A New Default Open-Loop Step-Size for Frank-Wolfe?

TL;DR: In our recent paper Adaptive Open-Loop Step-Sizes for Accelerated Convergence Rates of the Frank-Wolfe Algorithm with Elias Wirth and Javier Peña, we explore a new “log-adaptive” open-loop step-size for the Frank-Wolfe algorithm, $\eta_t = \frac{2 + \log(t+1)}{t+2 + \log(t+1)}$, which is adaptable both to favorable function properties and the feasible region in terms of convergence rates. In particular, it matches and often surpasses traditional fixed-parameter open-loop step-sizes across various settings, without needing prior knowledge of problem parameters, both in theory and computations.

Introduction

The Frank-Wolfe (FW) algorithm is an important method for constrained (first-order) convex optimization, especially when projections are costly. A critical and often debated component of FW is the choice of step-size $\eta_t$. Basically, there are two types of step-size strategies: so-called open-loop strategies that do not require any feedback from the function and are fixed ahead of time, not adapting at runtime, and so-called closed-loop strategies that “interact” with the objective function. The former are typically much cheaper, while the latter often possess superior convergence performance.

Since the inception of the Frank-Wolfe algorithm, the “standard” open-loop step-size has been $\eta_t = \frac{2}{t+2}.$ More generally, step-sizes of the form $\eta_t = \frac{\ell}{t+\ell}$ for some integer $\ell \ge 2$ have been analyzed.

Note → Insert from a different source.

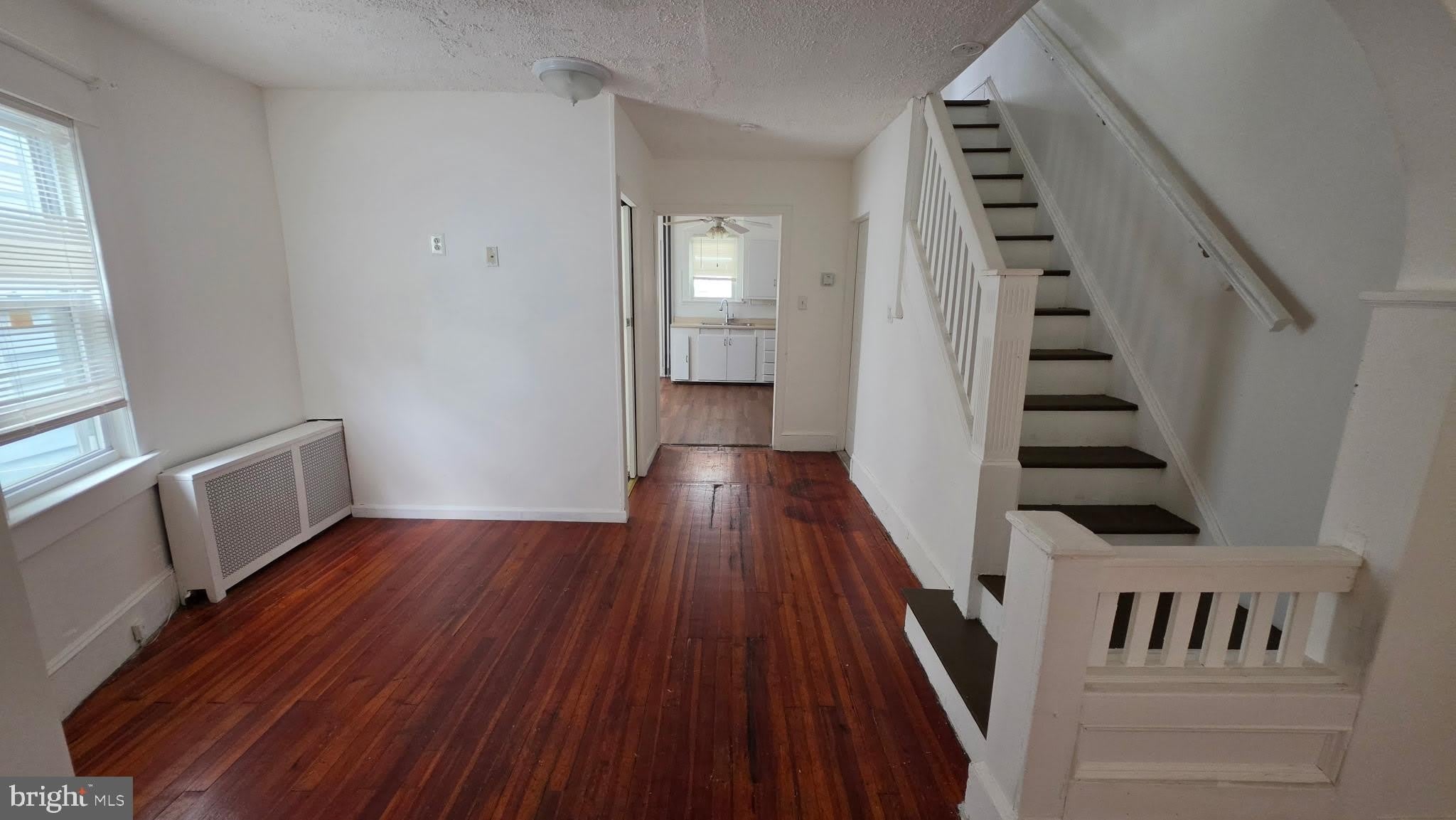 921 Revere Avenue – photo 1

While these provide an $\mathcal{O}(1/t)$ convergence rate in general, recent work [WKP2023, WPP2024] has shown that under certain “growth conditions,” these fixed-$\ell$ step-sizes can achieve much faster rates—up to $\mathcal{O}(t^{-\ell})$.

The catch is that there is no single “best” $\ell$, and there is—as expected—a tradeoff: While for the asymptotic convergence rate, larger $\ell$ are better, we pay a price for this: namely, an initial burn-in with suboptimal convergence whose length depends on $\ell$. Thus, a larger $\ell$ might be great for one problem structure (like strong $(M,1)$-growth, where up to linear rates are possible), but not for others. This leads to a practical dilemma: which $\ell$ should you pick if you don’t know the specific growth properties of your problem beforehand?

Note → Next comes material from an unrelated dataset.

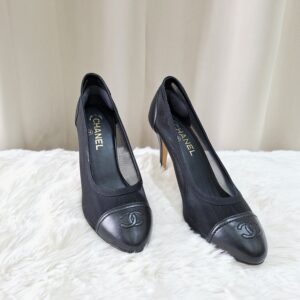 Chanel Pumps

Beyond Fixed-$\ell$: Towards an Adaptive Open-Loop

To address this issue, in [P2024] a new open-loop step-size strategy of the form $\eta_t = \frac{2 + \log(t+1)}{t+2 + \log(t+1)}$ was proposed, albeit without proof of convergence or analysis of expected properties; it was a remark complementing a new adaptive closed-loop strategy. In our recent paper, Adaptive Open-Loop Step-Sizes for Accelerated Convergence Rates of the Frank-Wolfe Algorithm, we remedy this and in fact provide a much broader convergence analysis of a wide range of open-loop step-sizes for the Frank-Wolfe algorithm. Instead of a fixed $\ell$, we propose a more general open-loop step-size scheme:

\[\eta_t = \frac{g(t)}{t+g(t)},\]

where $g(t)$ is a non-decreasing function of the iteration count $t$. The idea is to let $g(t)$ “adapt” (or rather, grow) with $t$, potentially capturing the benefits of larger $\ell$ values as the optimization progresses.

To make this work, we require two natural properties from $g(t)$:

$g(t)$ has to be non-decreasing and $g(t) \ge 2$ (the latter is a technical condition to ensure compatibility with the standard open-loop strategy and in particular $\mathcal O(t^{-1})$ convergence in general.)
The sequence $\eta_t = \frac{g(t)}{t+g(t)}$ itself is non-increasing (or equivalently, $\frac{t}{g(t)} \le \frac{t+1}{g(t+1)}$).

A new open-loop step-size

While the analysis holds more broadly, we are in particular interested in the log-adaptive open-loop step-size, where we set:

\[g(t) = 2 + \log(t+1),\]

leading to the aforementioned step-size strategy:

\[\eta_t = \frac{2 + \log(t+1)}{t+2 + \log(t+1)}\]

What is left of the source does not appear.